* Required action *
Below are entries to reproduce exactly, apart from their pictures.

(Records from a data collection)
◆ ◆ ◆ ◆
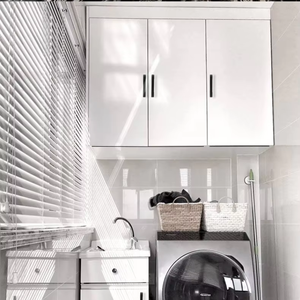 Moderne Simple carré Armoire Tiroir Placard Meubles Quincaillerie En Aluminium Poignée De Tirage, Poignée De Porte - Product Image 3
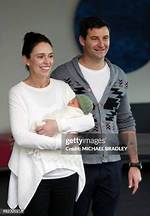 Neve Te Aroha Ardern Gayford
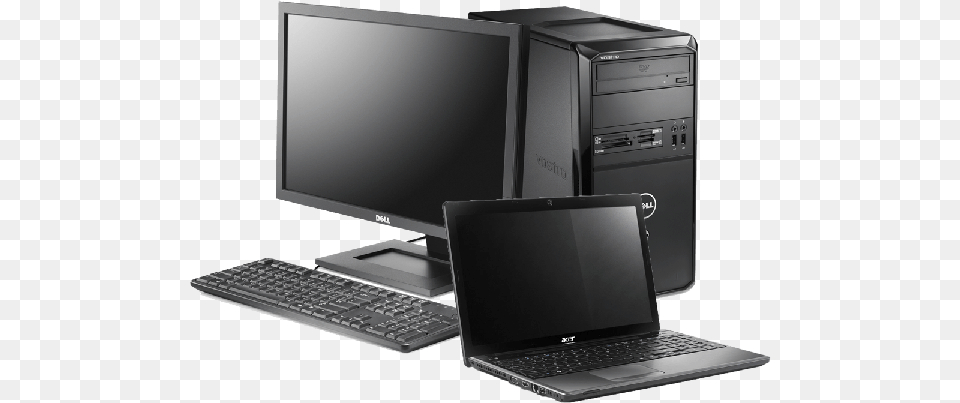 Computers And Laptops Computer Spare Parts, Pc, Electronics, Laptop, Hardware Free Png Download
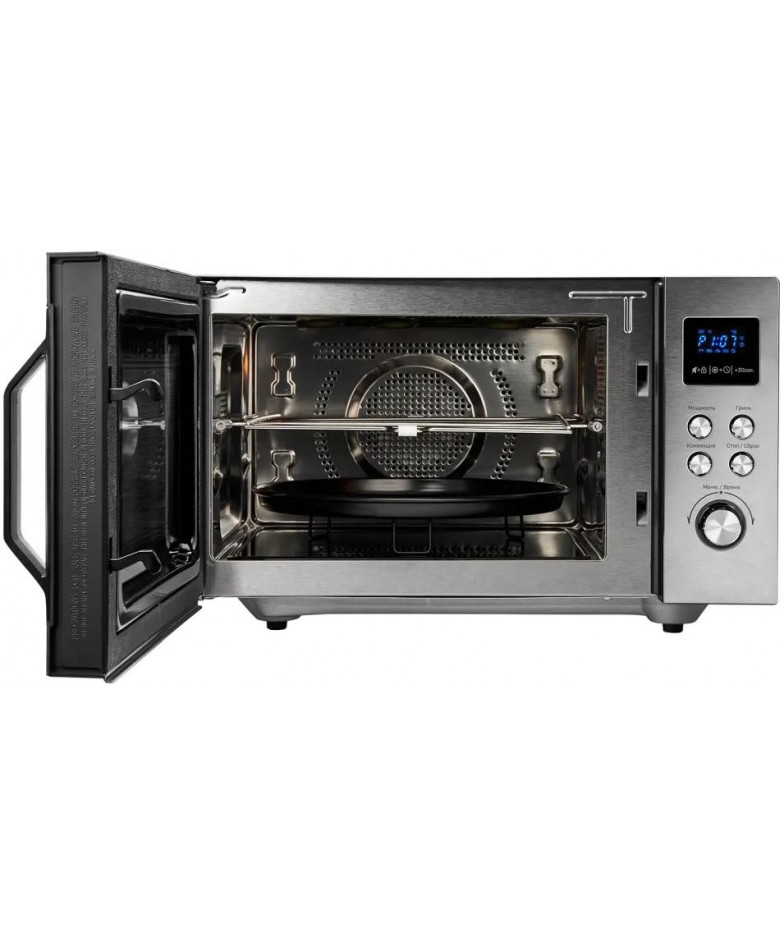 Микроволновая печь Kuppersberg FMW 250 X купить в Санкт-Петербурге и Москве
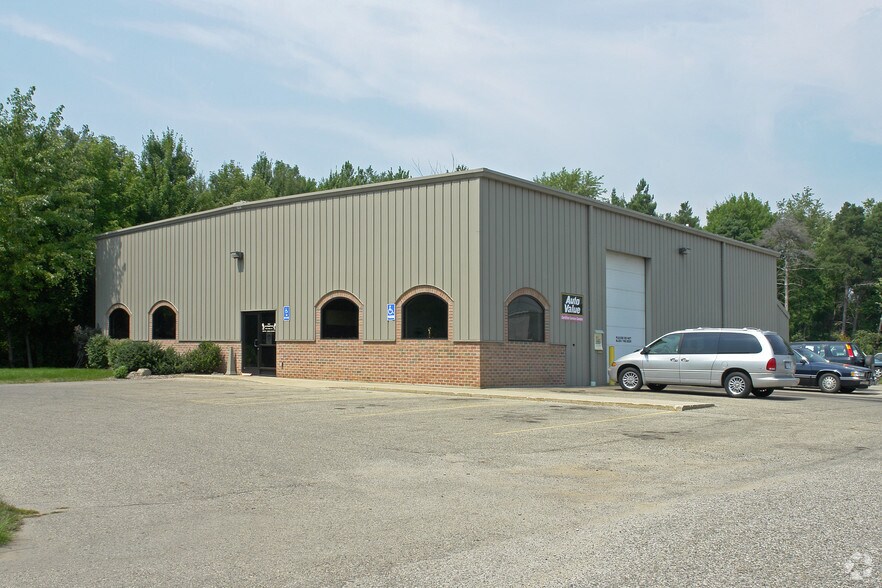 172 N 120th Ave, Holland, MI for sale - Primary Photo - Image 1 of 1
◆ ◆ ◆ ◆
* Task result *
 Moderne Simple carré Armoire Tiroir Placard Meubles Quincaillerie En Aluminium Poignée De Tirage, Poignée De Porte - Product Image 3
 Neve Te Aroha Ardern Gayford
 Computers And Laptops Computer Spare Parts, Pc, Electronics, Laptop, Hardware Free Png Download
 Микроволновая печь Kuppersberg FMW 250 X купить в Санкт-Петербурге и Москве
 172 N 120th Ave, Holland, MI for sale - Primary Photo - Image 1 of 1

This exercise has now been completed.